AKP belediyeciliği toplumun sosyal esaslarını tahrip etti

Doğumunun sebebi 12 Eylül Devrimi ve darbe anayasanı benimsemiş AKP' nin, misyon olarak sosyal devlete düşman olduğunu söylediğimiz takdirde, okuyucularımızın "sosyal devlet nerede" sorularına muhatap olacağımızdan çekiniyoruz.

Doğrudur. İskandinavya veya Kuzey Avrupa ülkelerindeki gibi bir sosyal devletimiz yoksa bile, oralardaki sosyal devletin icra ettiği vazifeleri kısmen yerine getiren bir devlet geleneğimiz vardı. Milletimizin kendi içinde korumaya çalıştığı bir milli geleneği vardı. Henüz istismar edilmediğinden, tesiri devam etmekte olan "dini dayanışma geleneğimiz" vardı... İşte bütün bunları, önce ANAP ile ve sonrasında ise din gömleğini üzerine çeken AKP ile tahrip edenler, 12 Eylül devriminin asıl sahipleriydi...

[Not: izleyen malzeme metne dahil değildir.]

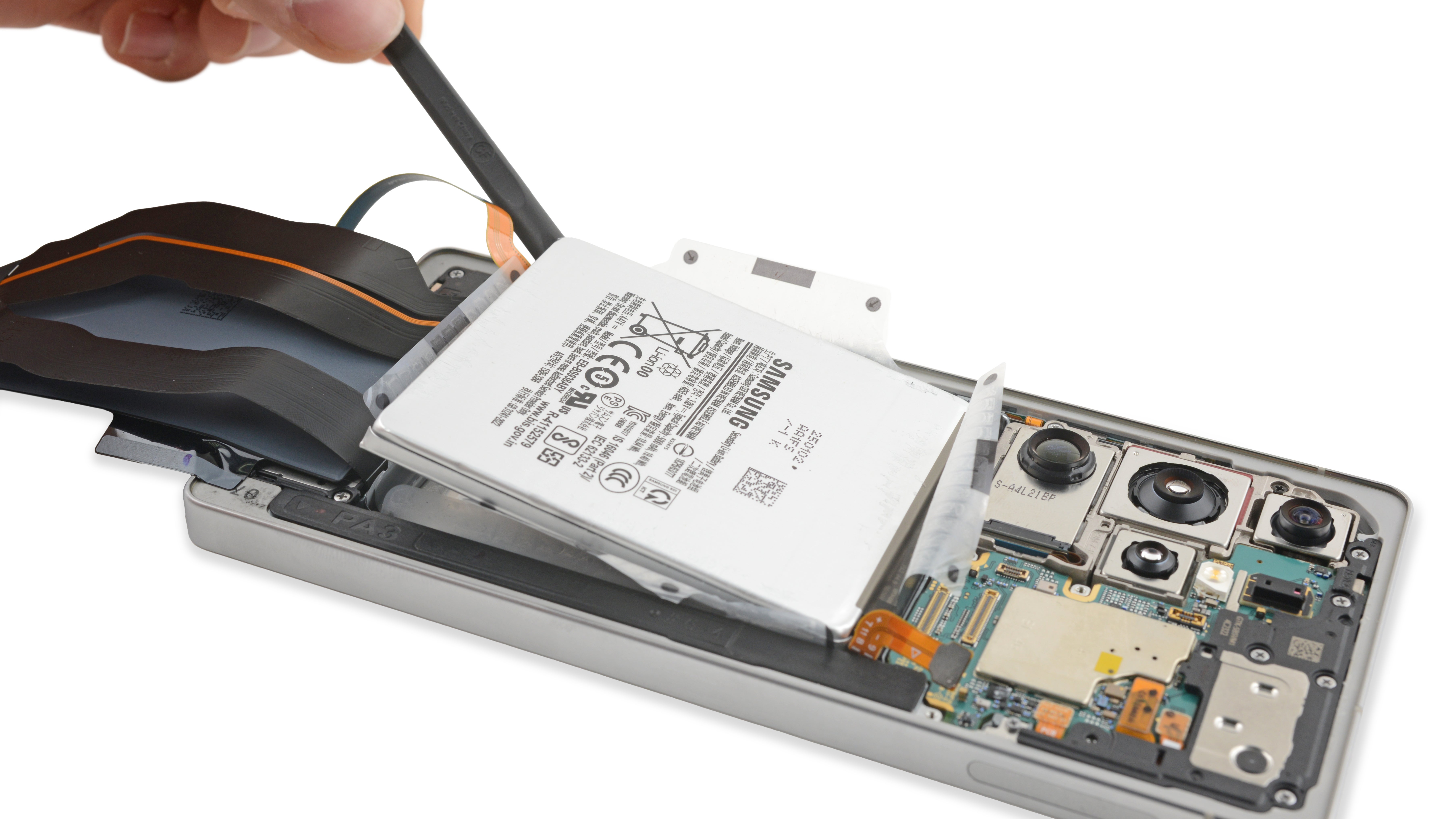 Credit to Samsung, its battery repairs have been made easier | Image by iFixIt - The long support paradox: Google and Samsung are selling a 7-year illusion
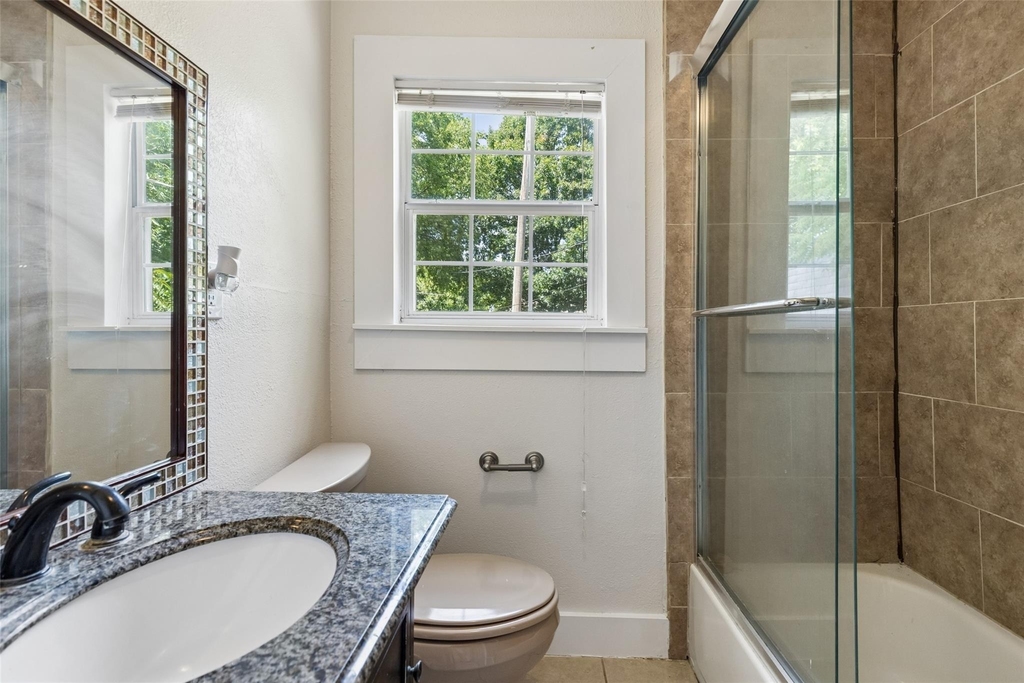 113 W Avenue E - Photo 7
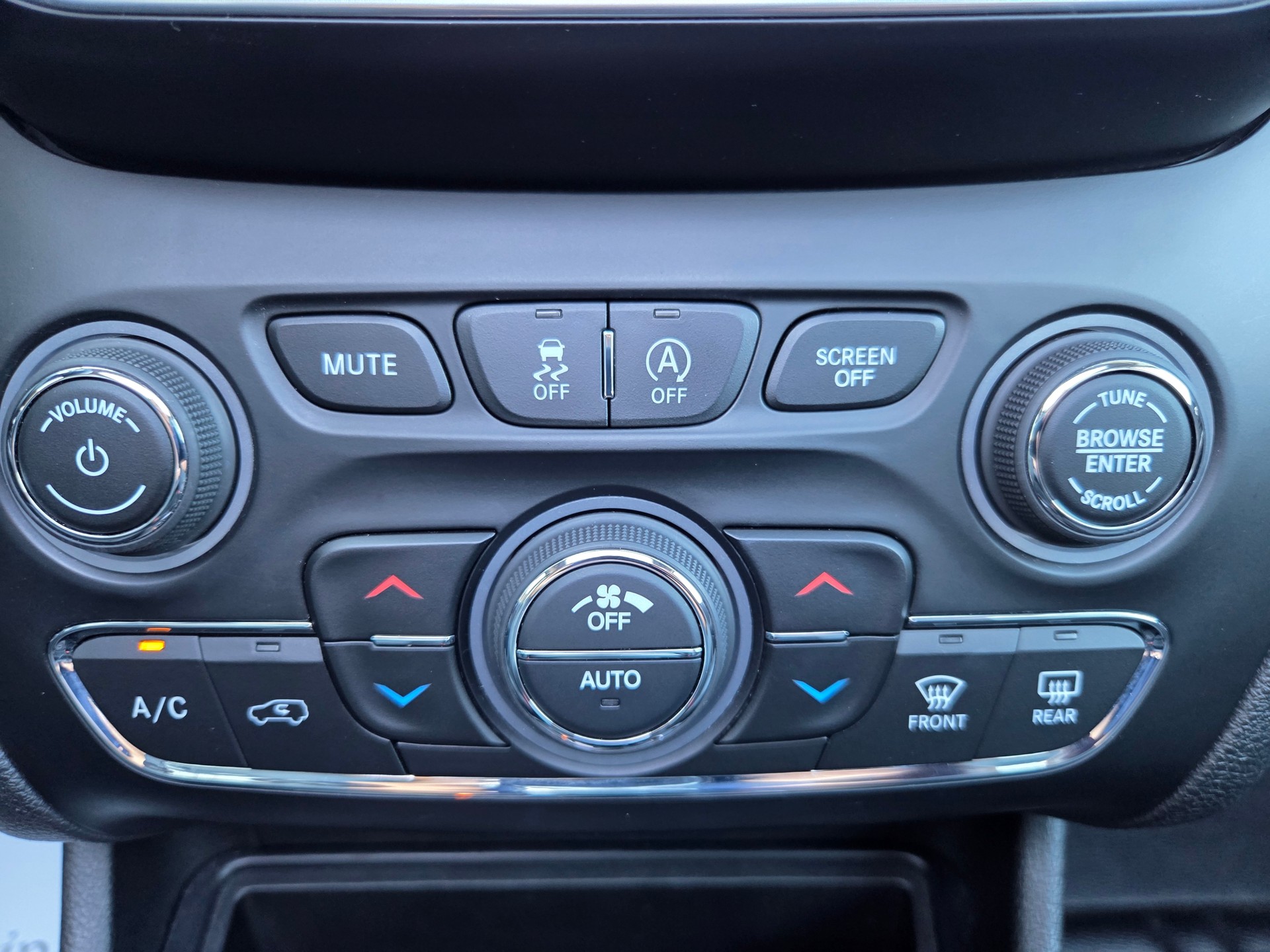 JEEP Cherokee 2.2MJ Overland AWD Drive II 9ATX-image-22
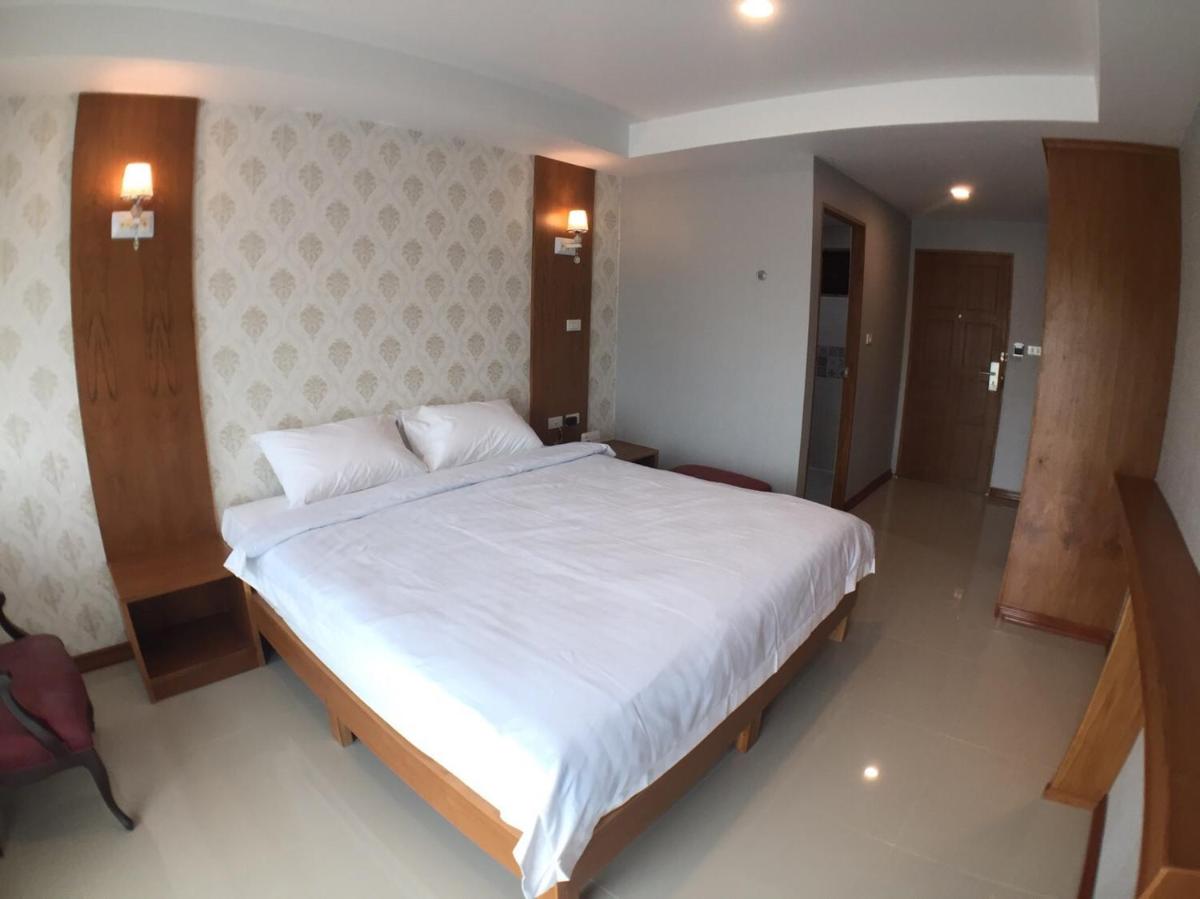 Nantawan Hotel - Housity
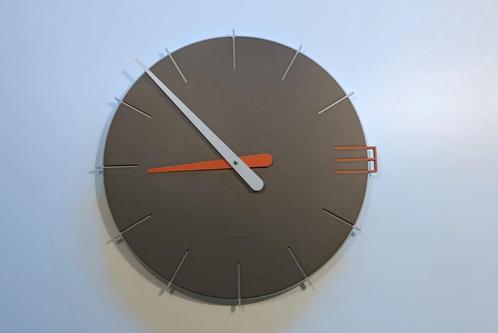 Moderne stijlvolle wandklok, Huis en Inrichting, Woonaccessoires | Klokken, Zo goed als nieuw, Wandklok, Analoog, Ophalen of Verzenden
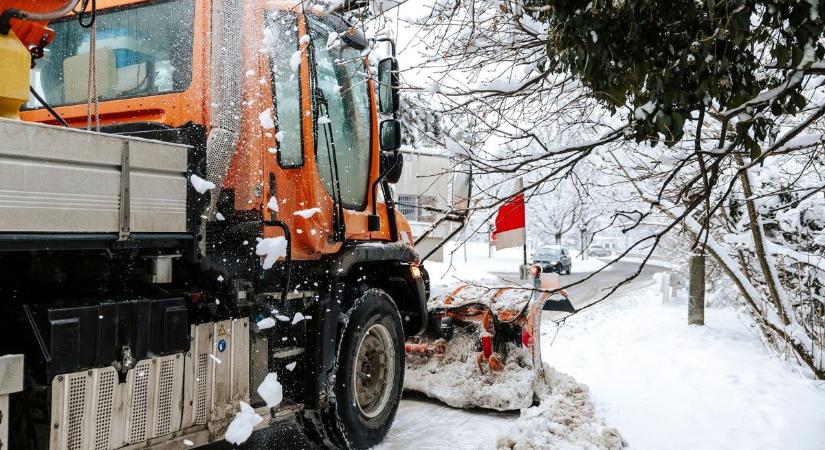 Ilyen nincs: ítéletidő csap le Magyarországra holnap, 25 centis havat várnak – figyelmeztetést adott ki a Magyar Közút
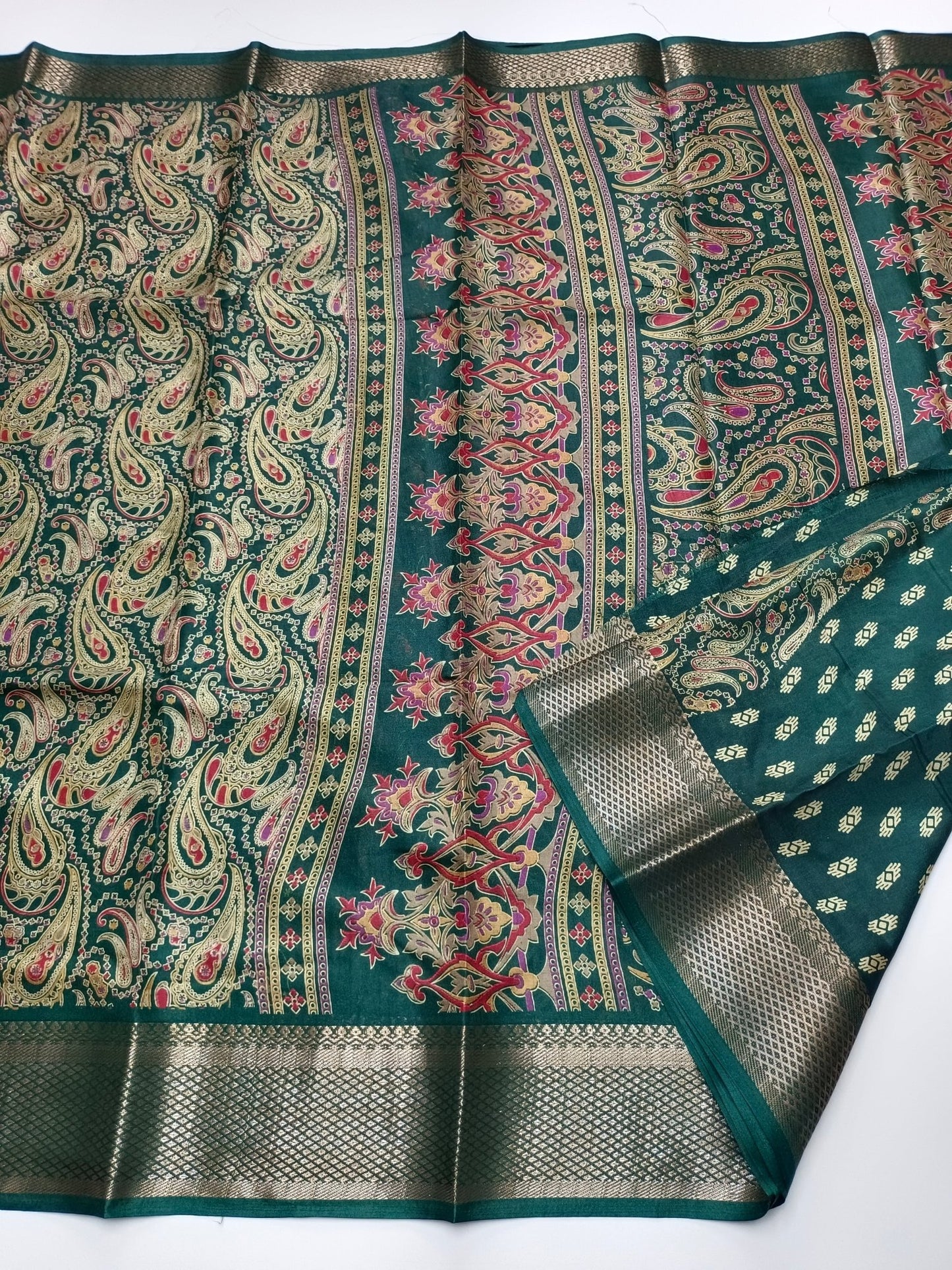 FANCY DOLA SILK SAREE - B S CHANNABASAPPA & SONS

Zamana yayılarak ve fevkalade geniş bir sahadaki tahribin özetinin özetini de bir yazıya sığıştıramayız, elbette... Belediyeciliğimizin; şehir imar planlarıyla, özelleştirdikleri hizmet müesseseleriyle, bilinçli olarak perişan edilen devlet okullarıyla, e devlet üzerinden vatandaşlarını fişlemeleriyle, kültürel projeleriyle ve bilhassa AKP eliyle sağlıkta yapılan tahribatlarla ulaştığı dayanılmaz noktasının milli iradeyi ayağa kaldıramamasının sebebinin de; yapılanların küresel propaganda, reklam ve danışma şirketlerinin Yardımlarıyla, küresel düzeyde organize olmuş Marksist sermayedarlarının icrasından başka bir şey değil. Vatandaş karşısında bir parti olduğunu zannediyor. Dindar, vatanperver ve hatta milliyetçi olduklarını zannettiği bu darbecilerin vazifelerinin, Türkiye'yi globalcilerin tenasübünde tutmak olduğunu nereden bilsinler ki...

Bir ülkenin kırk sene boyunca enflasyonlarla takatsiz bırakıldığını biliyor muyuz

ANAP dönemindeki enflasyonlarla, şu AKP dönemindeki kur entrikaları arasındaki farkı biliyor muyuz

Yeşil Sermaye ile yapılan ekonomik operasyonların AKP zeminine yardım olduğunu biliyor muyuz

28 Şubat 1997 de kısılmaya başlayan hürriyetlerin, arkasında gelmekte olan dönemdeki AKP için bir balans ayarı olduğunu biliyor muyuz

Zira burada hürriyetleri sıkılanlar, AKP'yi bir demokrasi ve kurtuluş hareketi olarak göreceklerdi.

Tarım ile uğraşan köylüden başlayarak; fabrika işçisinin, mevsimlik işçilerin, işçi emeklilerin ve hatta akp'nin rüşvetle tutmaya çalıştığı memurların alım güçlerinin nerelerden nerelere yuvarlandığını da biliyoruz.

Daha doğrusu, ANAP kadar AKP'nin de bu milletin partisi olmadığını ve küresel Marksistlerin gerçekleştirdikleri bir darbenin ürünü olduğunu bildiğimiz zaman bu iki darbe partisiyle milletin sosyal yapısına, ahlak ve geleneğine indirilen darbeleri görmeye başlayacağız.